Now, I’m not one to pooh-pooh the idea that hateful acts are indicative of a more systemic problem. But, in my experience, people without answers schedule meetings because they have no real course of action. Most meetings are just a good way for a gaggle of nitwits to get together and schedule another meeting.
Don’t get me wrong. I love meetings. I schedule no fewer than 18 meetings with myself each day just to feel important. My Chia Pet, Roger, is allowed to sit in on three of these meetings—four if he fetches my slippers and doesn’t wet the carpet. And I’m president of four committees, treasurer of three. We discuss very important world issues. Whether we actually accomplish anything, well, that’s a whole other discussion now, isn’t it? One that could possibly take place at Frog & Peach on Tuesday at 11 a.m.?

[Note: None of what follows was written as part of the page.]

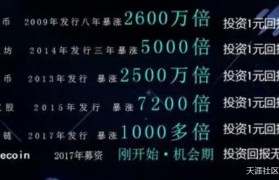 比特币一级市场和二级市场的区别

Damn. I forgot about that whole rapture thing. I guess the meeting will have to take place in the afterlife. So, heaven’s gate, Tuesday at 11 a.m.? I’ll be the one with the vintage erotica strapped to my chest.
The final sign that the rapture is approaching—besides the alignment of the Lucky Charms in my cereal bowl this morning—was the showdown between San Luis Obispo County Supervisor Adam Hill and COLAB’s (that stands for either the Coalition of Labor, Agriculture, and Business or Calling On Local Anonymous Board members, but I forget) director of governmental affairs, Mike Brown.
It’s a complicated issue, folks. See, COLAB was, ostensibly, created as a business advocate and government watchdog. And what do government watchdogs love more than transparency? That’s right, anonymity.
So Brown, nobly advocating the principles of honesty and forthrightness, was forcibly giving Hill the shakedown for refusing to disclose important … wait a minute. My fact-checking monkey tells me I have that backwards.
Apparently, Hill was trying to shake down Brown, who was speaking on behalf of COLAB’s board of directors but refused to reveal who sits on the group’s board. When Hill thrust with his sword of transparency, Brown parried with his boffer of … squeamishness. Is it getting hot in here, or is it just me?
I’m with you, Brown. Transparency is for suckers. Hell, I’ve been writing this column anonymously for decades, and I’d say I’m almost certainly adequate in the role. And if you can find a way to demand truth from the government while your board of directors quakes beneath a trench coat like a half-dozen little rascals stacked on each other’s shoulders, more power to you. What say we throw some tighty whities over our heads and engage in some late-night rapture looting on Sunday?